In the past months, the South Sudan government has been receiving substantial pressure from the international community to institute greater transparency in its oil industry. This involves full publication of royalties and oil revenue transactions between companies and oil extracting countries. Transparency helps ordinary citizens see exactly how their natural resources are being managed. It helps to prevent corruption, and assist with the avoidance of the resource curse, which is the depreciation of the extractive country’s currency.

Yet, does transparency ensure that South Sudan’s oil assets will be used for advancement? Will transparency initiatives take a back seat to precedence issues like security and violence?

Transparency does not guarantee that the government will use oil revenues for the benefit of the many; however, it will allow publication of oil revenues to be speculated and will hold the government accountable. Transparency is a stepping-stone to supportive governance. South Sudan has already been carrying out the necessary measures to guarantee it does not fall victim to the resource curse. South Sudan plans on becoming a candidate for the Extractive Industries Transparency Initiative (EITI), which increases transparency over payments by companies to governments and to government-linked entities; as well as transparency over revenues by those host country governments. Before South Sudan seeks candidacy for EITI, it first has to establish a Freedom of Information Law, which ensures public access to government records. Providentially, South Sudan has already composed such a proposal.

The world has already seen countries fall victim to absent transparency initiatives. The Republic of Equatorial Guinea is a prime example of a country that relies heavily upon its natural resources for revenue, but counterproductively spends funds much needed in the development of the country. According to EG Justice and Human Rights Watch, the Republic of Equatorial Guinea’s oil revenues makes the country’s per-capita wealth in 2010 equivalent to that of Germany, Japan, or the United Kingdom; however, poor governance and a lack of transparency has caused the country to remain poor and be ranked as the world’s 14th worst country on UNICEF 2009 indicator.

With the amount of pressure and press that South Sudan has been receiving, it should not be long before South Sudan implements the Freedom of Information Bill and applies for compliance under EITI. On June 16, 2011, the Subcommittee on Africa, Global Health, and Human Rights held a hearing concerning Africa’s newest nation.
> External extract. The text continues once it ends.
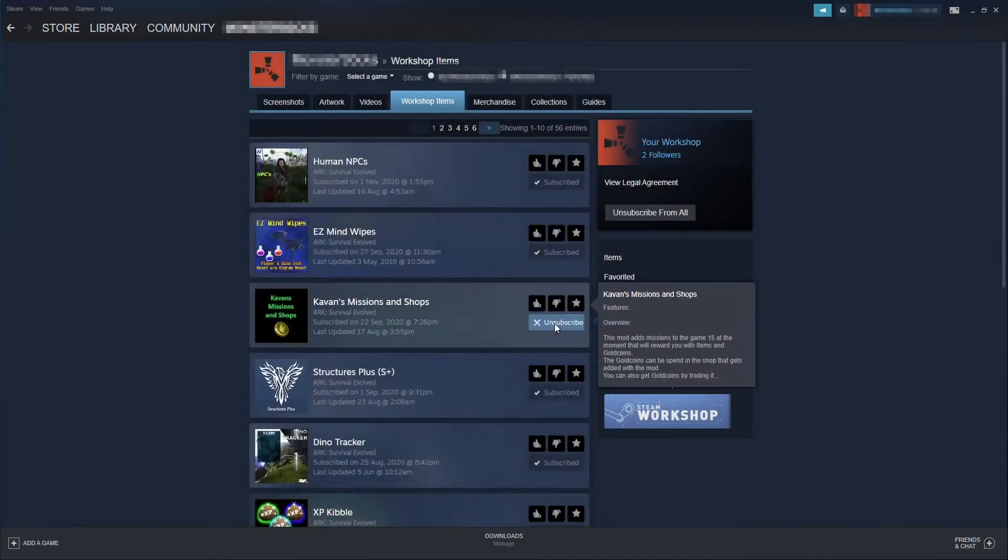And it will now remove all the workshop items from Steam. And there we go. That is how you unsubscribe from everything in the workshop items.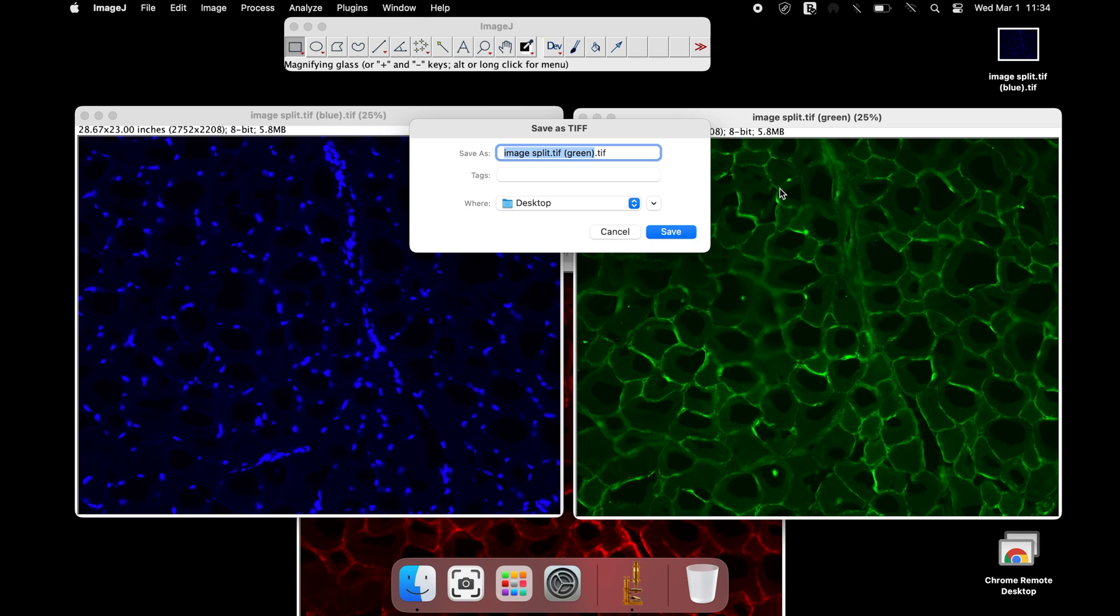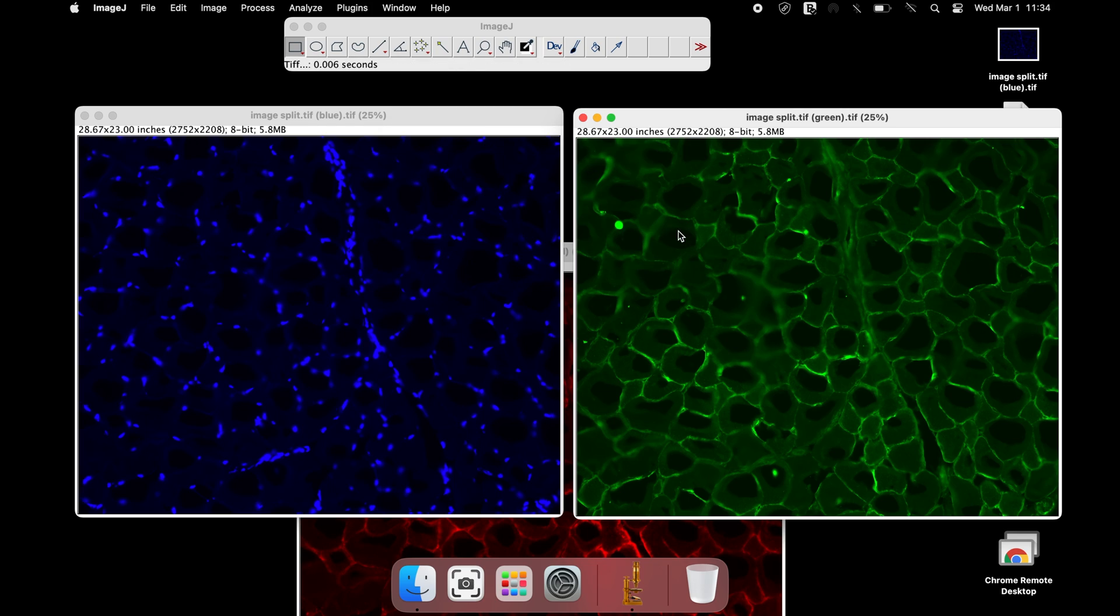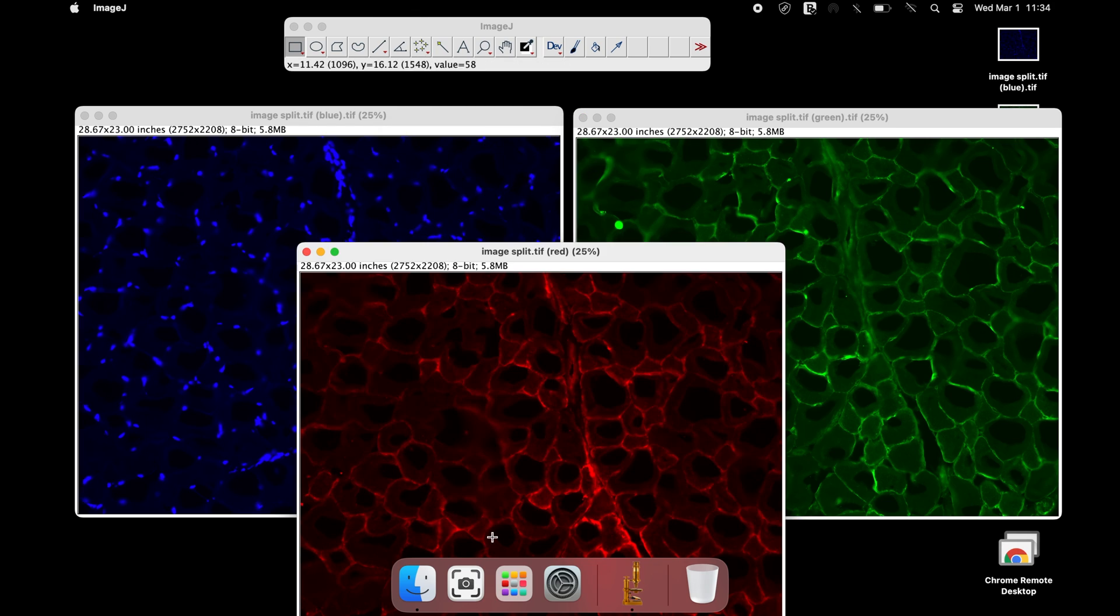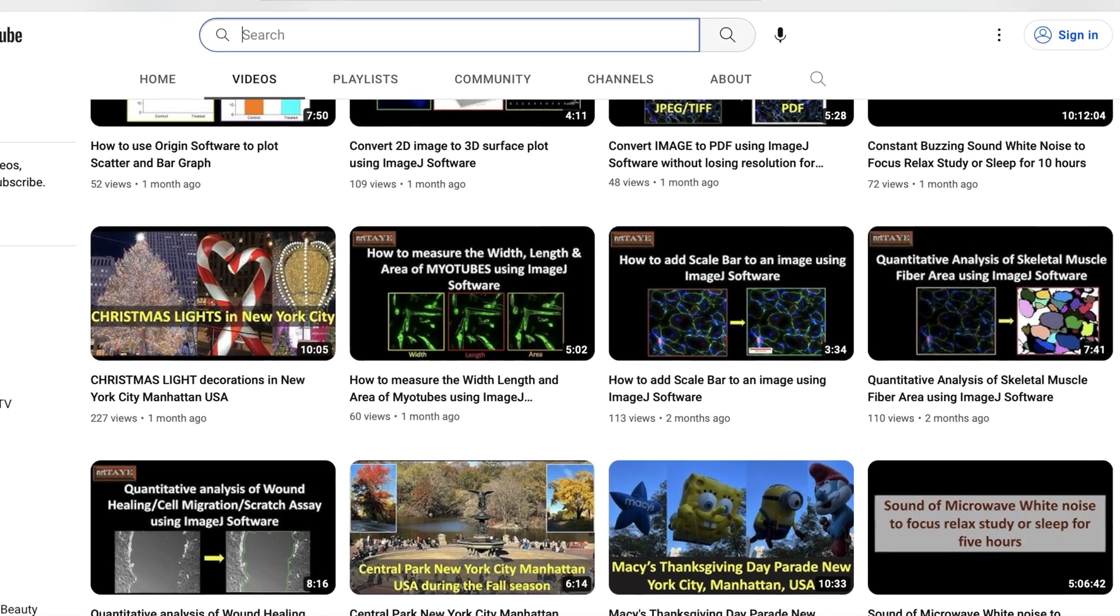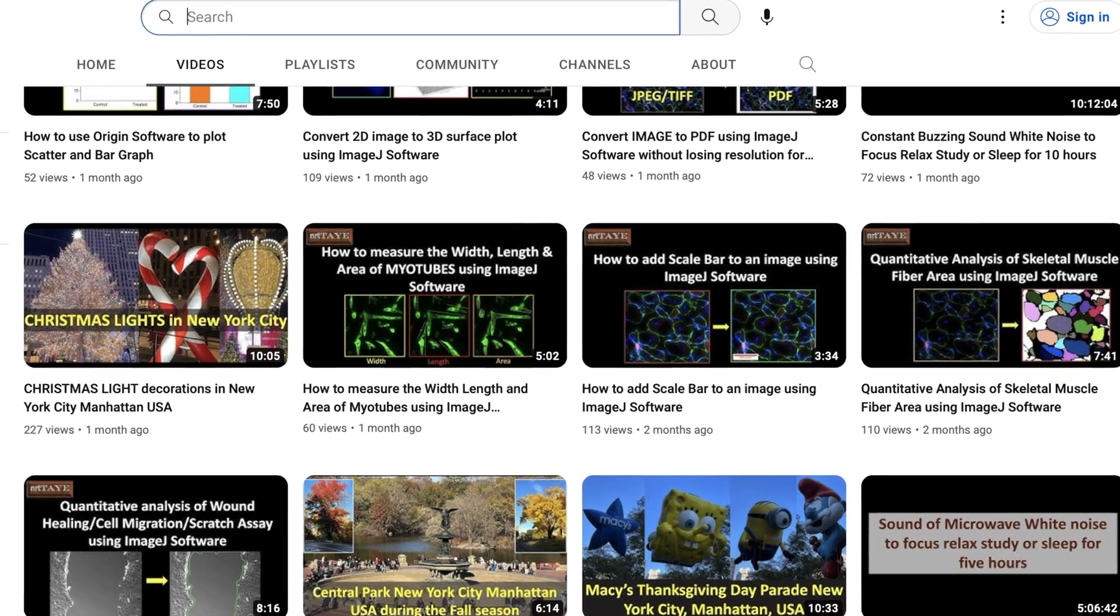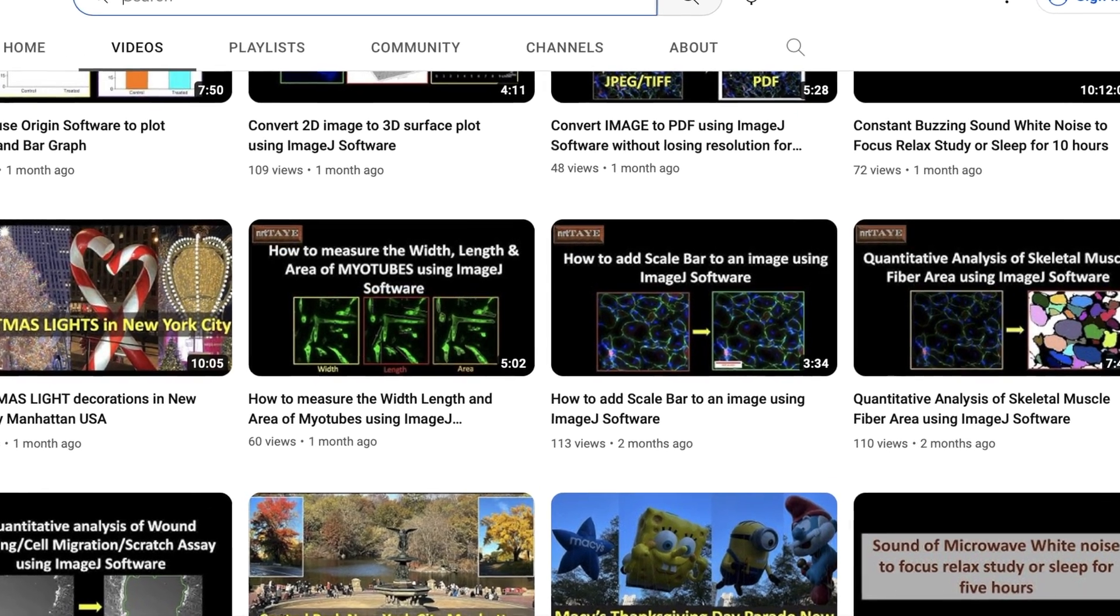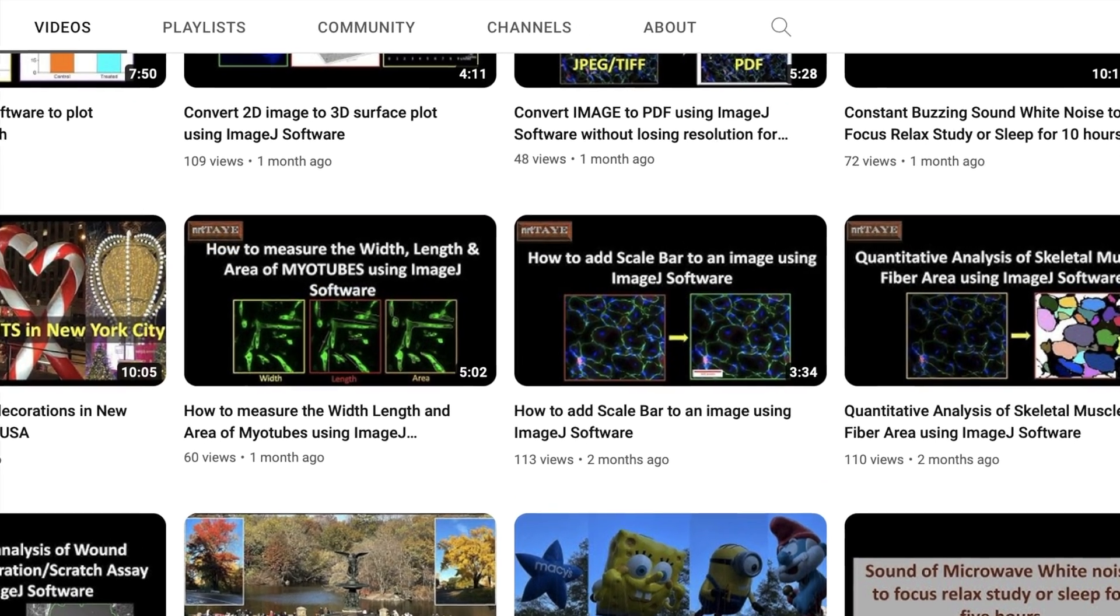Please visit the tutorial video on how to add scale bar using ImageJ. The link to this video is in the description below.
During the hearing, Dana L. Wilkins, who is the Sudan campaigner for Global Witness, talked about actions that the South Sudan and U.S. governments should take to ensure successful transparency and accountability of South Sudan’s oil revenue. Ninety-eight percent of the nation’s budget is derived from oil, and South Sudan is in line to be the most oil dependent country in the world when it officially becomes a country on July 9. Transparency initiatives are being heavily pushed from civil society watchdog organizations like Global Witness and Publish What You Pay.

Despite the possible long-term implementation, extractive regulations can benefit the country if enforced correctly. Global Witness’ recommendation of an independently monitored oil sector takes into account the possible mishandling and inaccuracy of production information. According to Wilkins, an office should be established separately from the Ministry of Energy and Mining that should report directly to the Legislative Assembly. This office’s sole responsibility would be to monitor and verify the petroleum sector. So that this office can acquire funding, be independent from the government and gain, the United States should provide this independent office with training and political support to make sure that it does an effective and efficient job of getting the necessary, accurate information published to the public.

Unfortunately, an office independent from the government to monitor and publish revenue data will not be enough to provide security for South Sudan. One essential piece to ensuring a strong nation is focus on sectors that the revenue will be able to benefit. Oil revenues should provide a platform for diversification of the region’s economy through development of the private sector and the agricultural sector. According to the Sudan Tribune, Riek Machar, the future vice president of South Sudan, appealed to international partners to prioritize agriculture and livestock in the private sector program. South Sudan has the most fertile land for agriculture in Africa, which he said could turn the region into a breadbasket on the continent, if not, the world.

A key partner for South Sudan on agricultural development is Malawi. The president of the Republic of Malawi, Bingu Wa Mutharika, proposed a partnership with developing nations, like Southern Sudan, to join together and focus on agriculture and food security as the key for growth. This proposal is known as the African Food Basket Project. This growth involves investments in transport infrastructures, energy development, and climate change mitigation through innovative interventions such as subsidies, increased budgetary allocations, private sector investments, and communication technology. Aside from private sector and agricultural development, South Sudan has already been attracting big time investors into their territory. The international brewery company, SAB Miller, established Southern Sudan Beverages Ltd and developed a brewery in Juba in 2009 with a $37 million dollar investment.

Transparency and accountability initiatives are vital. Yet, these initiatives will take a back seat to other priorities, such as security and violence. Transparency is not the only solution, but it is a major step in the direction of securing a government that earns the support of the South Sudan community.

Simone D’Abreu is an intern at Foreign Policy in Focus.